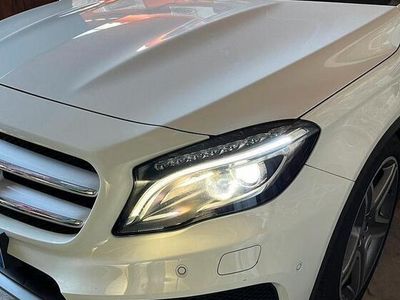 usata Mercedes GLA220 4 Matic cdi. Anno 2014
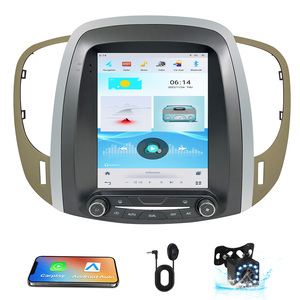 Radio de Coche Android de 10.<span class=keywords><strong>4</strong></span> Pulgadas, Estéreo para Buick Lacrosse 2009-2012, Sistema Multimedia, Carplay, Android Auto, Electrónica para Automóviles - Product Image 1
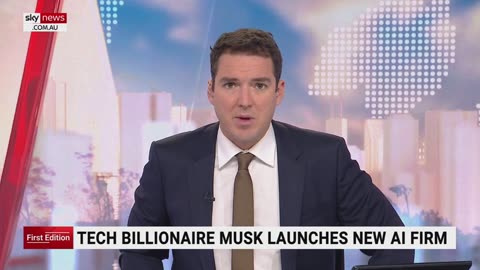 Elon Musk launches new AI firm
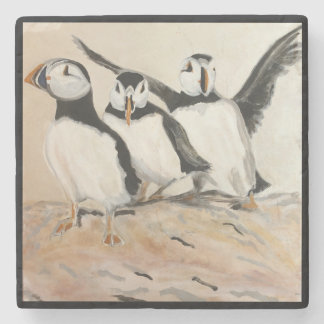 Puffin Steinuntersetzer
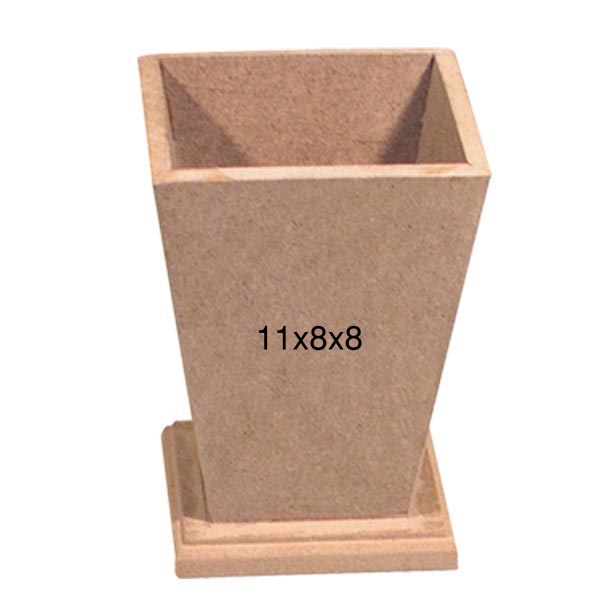 Ahşap Kalemlik 11x8cm F767
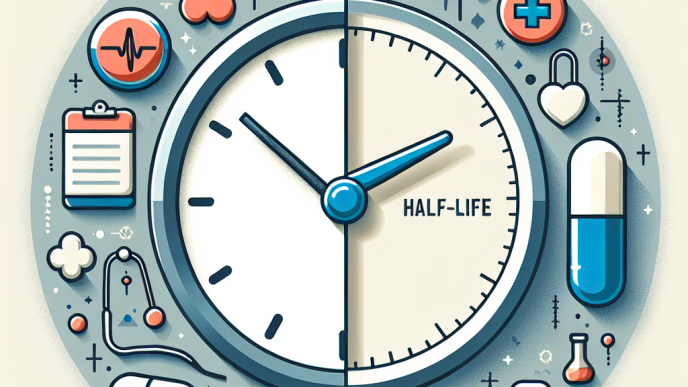 Half-life of oxandrolone and its clinical significance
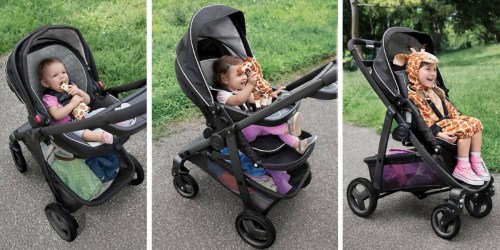 Target.online: Highly Rated Graco Modes Travel System Only $200.63 Shipped (3 Strollers In One)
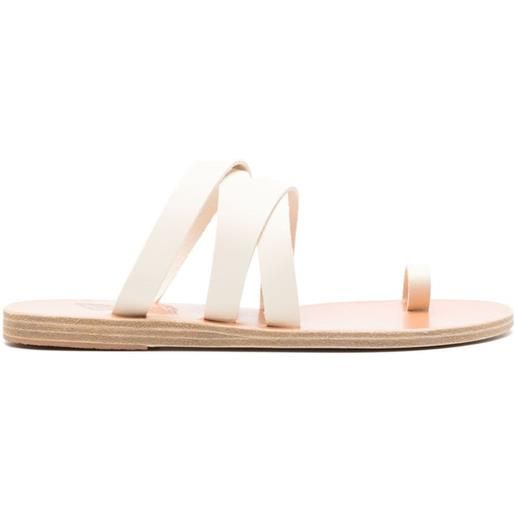 Ancient Greek Sandals sandali slides gordia - bianco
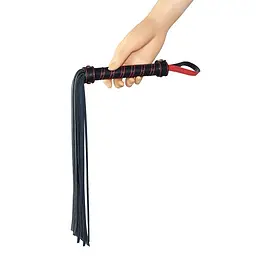 Батіг - Bondage Fetish Beginners Flogger - мініатюра 5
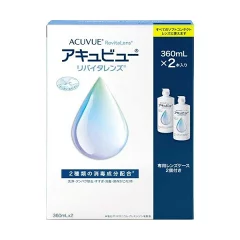 アキュビューリバイタレンズ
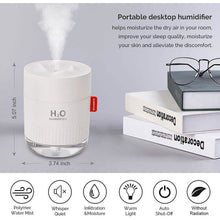 将图片加载到图库查看器，500ml Cool Mist Portable Mini Humidifier
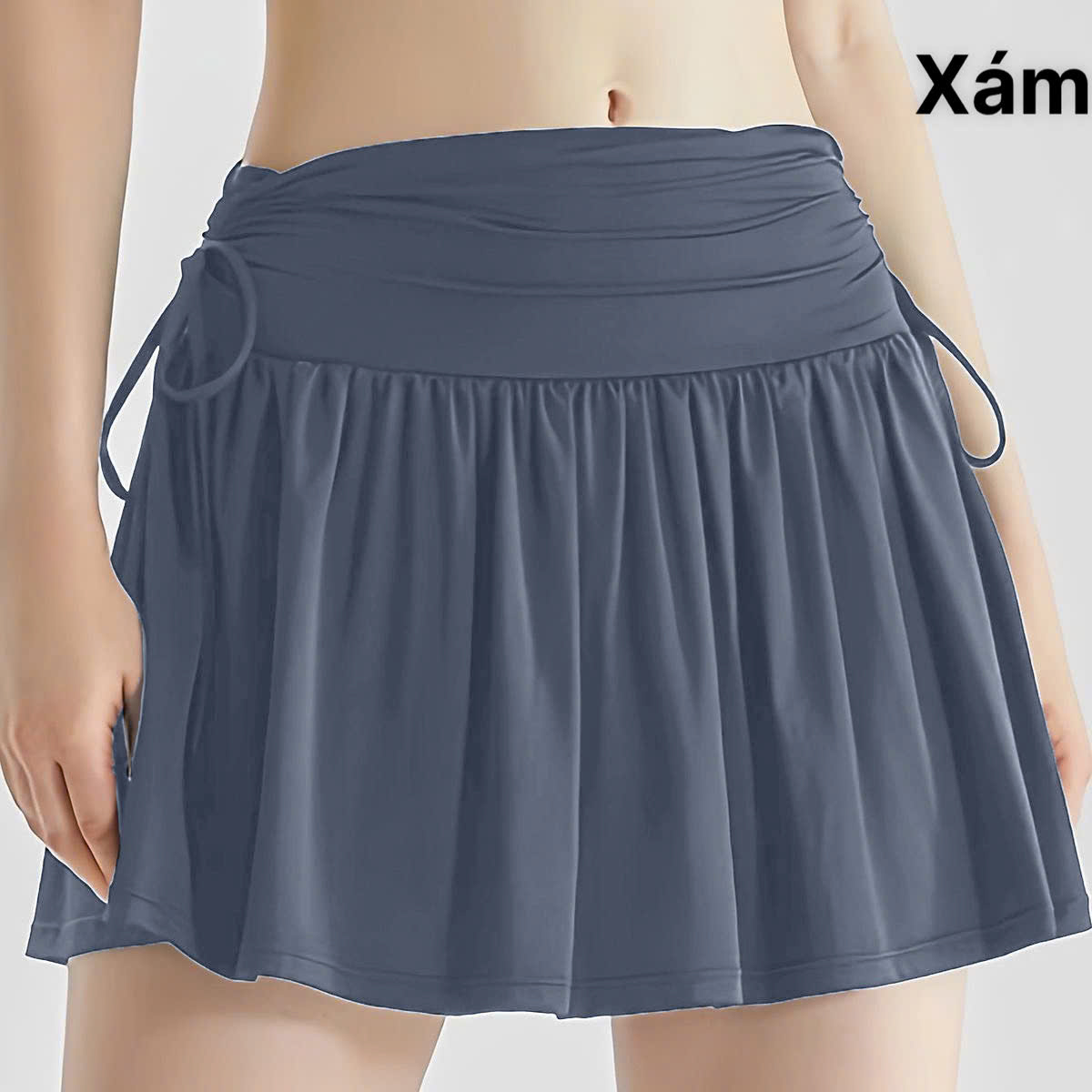 Chân Váy Thể Thao Nữ Rút Dây Dáng Xoè Xếp Li_thumbnail_15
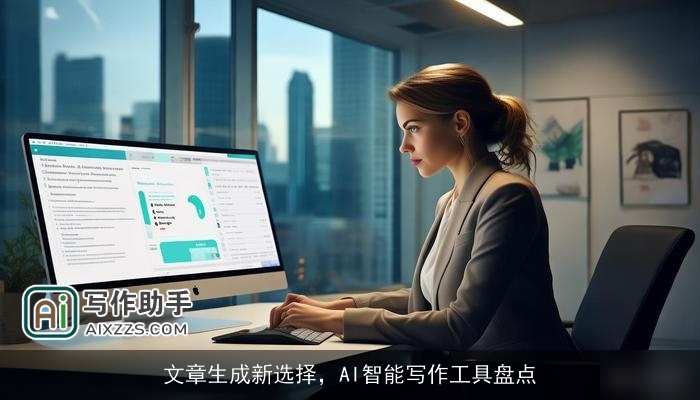 文章生成新选择,AI智能写作工具盘点 文章生成新选择,AI智能写作工具盘点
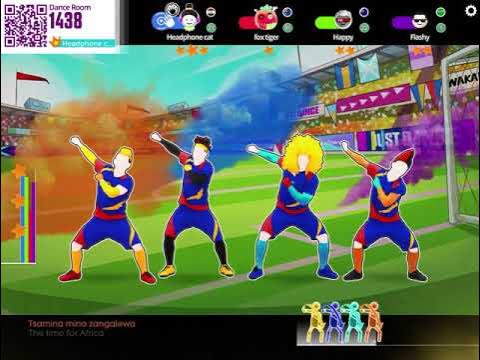 Waka Waka Shakira just dance now! - YouTube Music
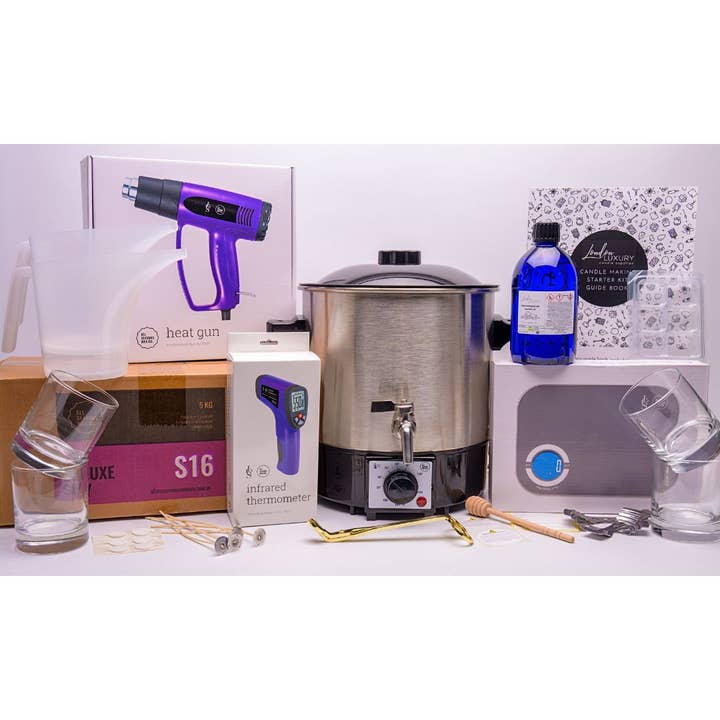 Kit de Fabrico de Velas: Início de Negócio por atacado de London Luxury Candle Supplies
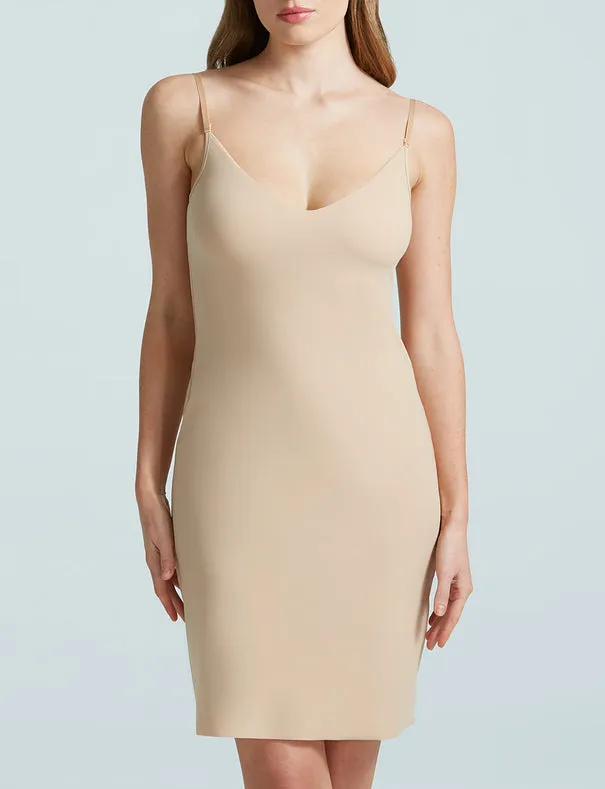 Tailored Slip in Beige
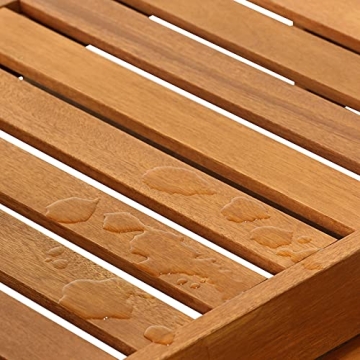 Furinno Tioman Chaise Lounge for Outdoor Relaxation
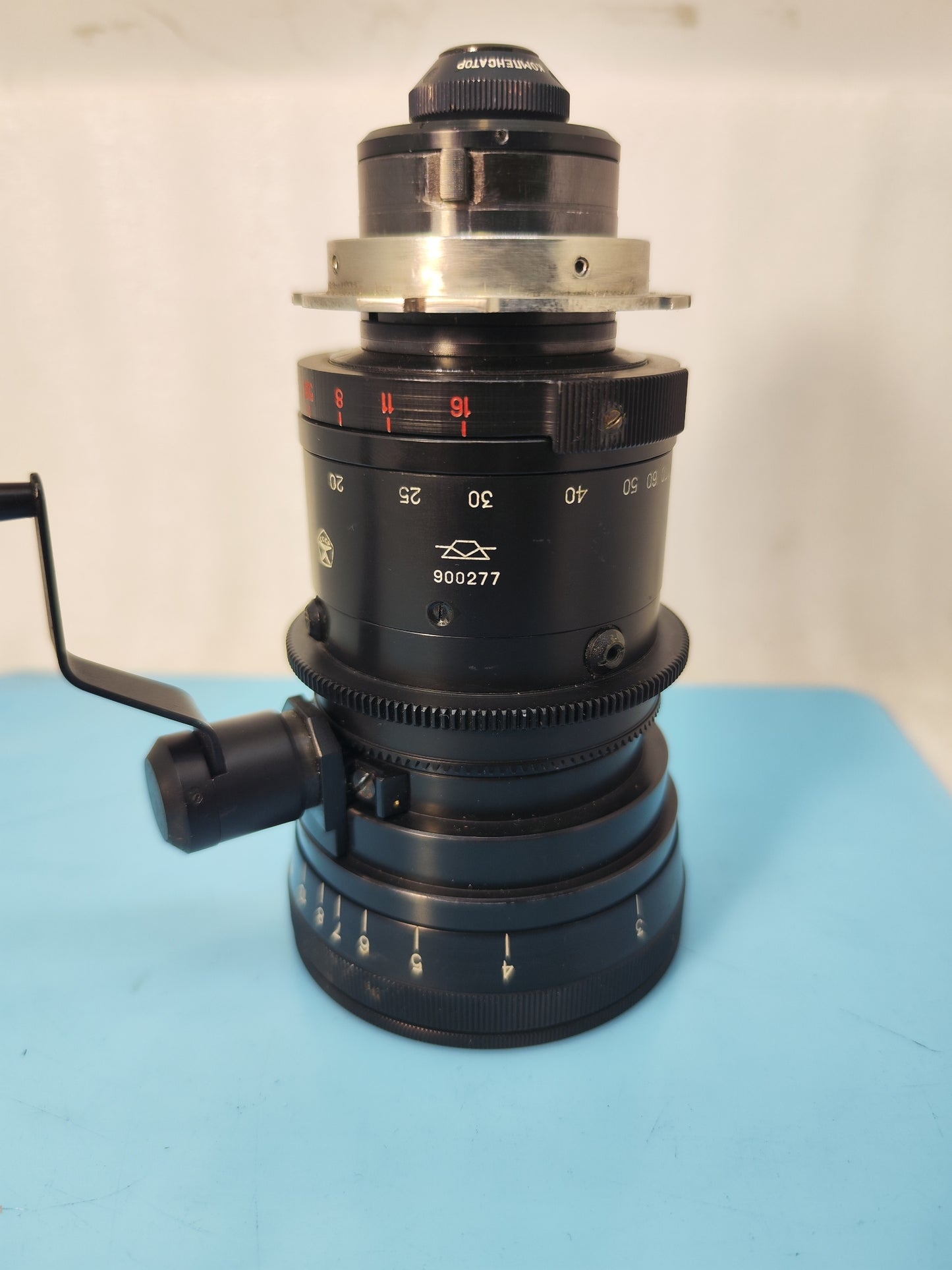 Arri PL Zoom Cine Lens 16OPF12-1 10-100mm 7.5-75mm F2.5 movie camera Kinor LOMO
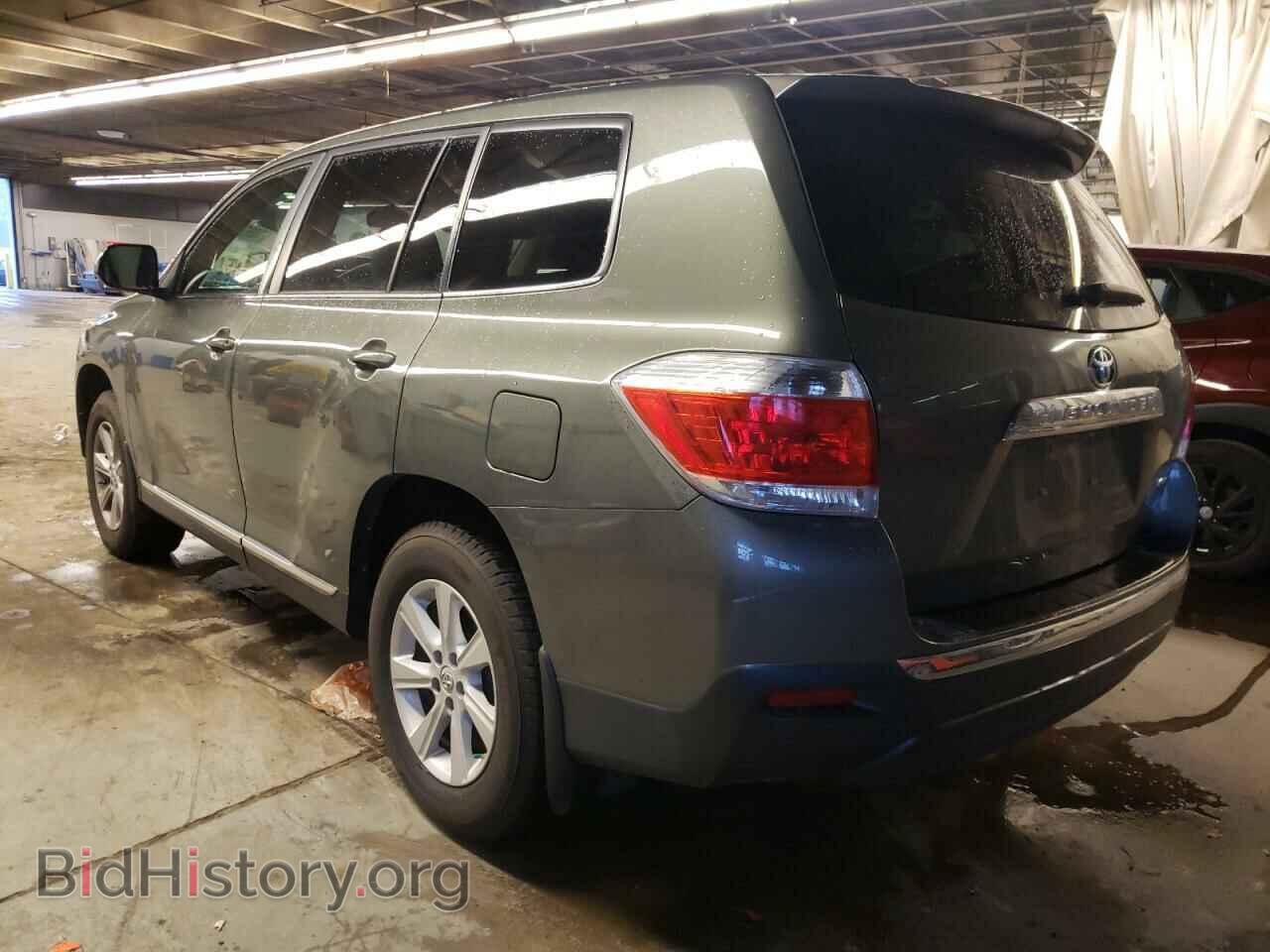 2011 TOYOTA HIGHLANDER - VIN: 5TDBK3EH2BS073065 - Фото 2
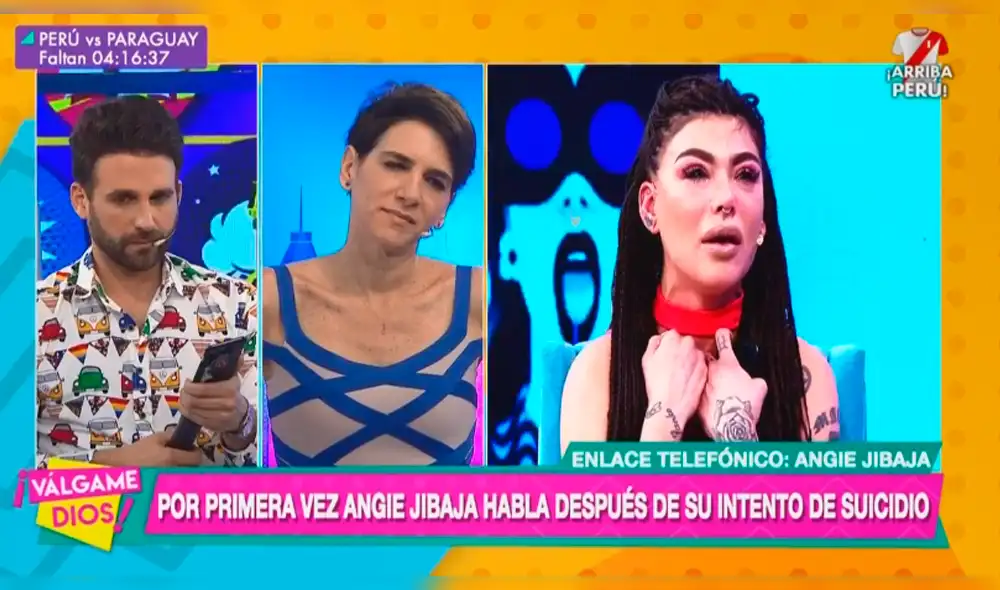 Rodrigo González y Gigi Mitre hacen fuerte petición a Angie Jibaja tras intento de suicidio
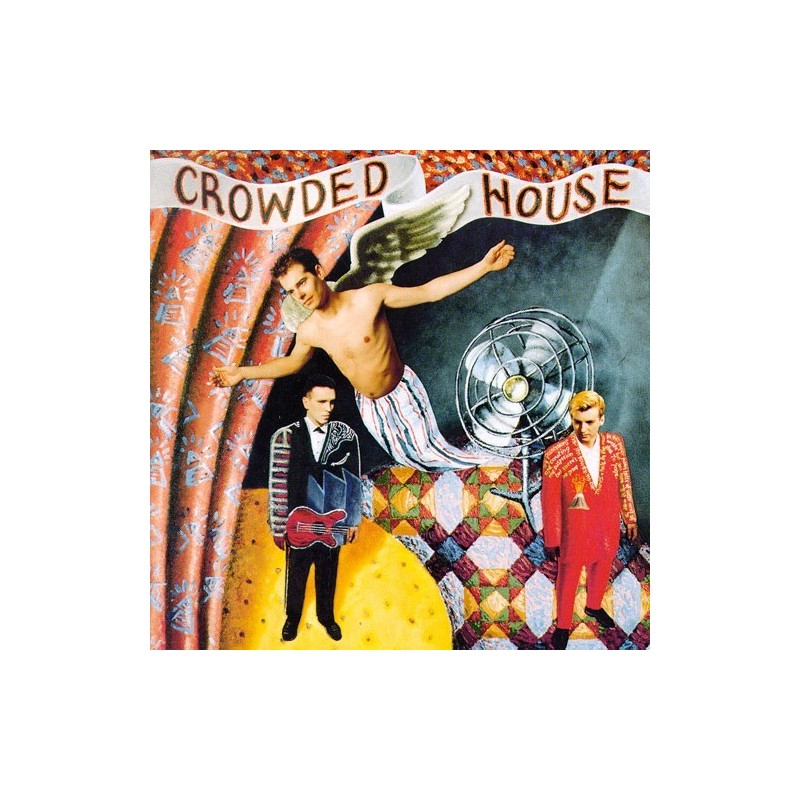 Crowded House ‎– Same|1986     Capitol Records ‎–   038-7466931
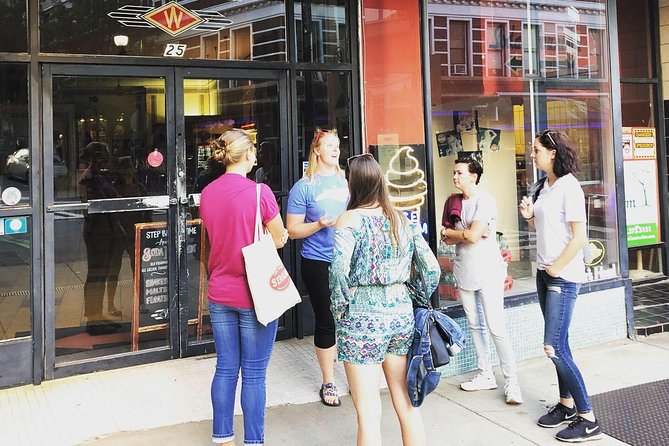 Downtown Asheville Tip-Based Sightseeing Walking Tour - Tips for Participants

--------------------

(YOUR GOAL):
Please output the entire listing above verbatim and omit its images.

(ANSWER TO THIS TASK):
 usata Mercedes GLA220 4 Matic cdi. Anno 2014
 Radio de Coche Android de 10.<span class=keywords><strong>4</strong></span> Pulgadas, Estéreo para Buick Lacrosse 2009-2012, Sistema Multimedia, Carplay, Android Auto, Electrónica para Automóviles - Product Image 1
 Elon Musk launches new AI firm
 Puffin Steinuntersetzer
 Ahşap Kalemlik 11x8cm F767
 Half-life of oxandrolone and its clinical significance
 Target.online: Highly Rated Graco Modes Travel System Only $200.63 Shipped (3 Strollers In One)
 Ancient Greek Sandals sandali slides gordia - bianco
 Батіг - Bondage Fetish Beginners Flogger - мініатюра 5
 アキュビューリバイタレンズ
 将图片加载到图库查看器，500ml Cool Mist Portable Mini Humidifier
 Chân Váy Thể Thao Nữ Rút Dây Dáng Xoè Xếp Li_thumbnail_15
 文章生成新选择,AI智能写作工具盘点 文章生成新选择,AI智能写作工具盘点
 Waka Waka Shakira just dance now! - YouTube Music
 Kit de Fabrico de Velas: Início de Negócio por atacado de London Luxury Candle Supplies
 Tailored Slip in Beige
 Furinno Tioman Chaise Lounge for Outdoor Relaxation
 Arri PL Zoom Cine Lens 16OPF12-1 10-100mm 7.5-75mm F2.5 movie camera Kinor LOMO
 2011 TOYOTA HIGHLANDER - VIN: 5TDBK3EH2BS073065 - Фото 2
 Rodrigo González y Gigi Mitre hacen fuerte petición a Angie Jibaja tras intento de suicidio
 Crowded House ‎– Same|1986     Capitol Records ‎–   038-7466931
 Downtown Asheville Tip-Based Sightseeing Walking Tour - Tips for Participants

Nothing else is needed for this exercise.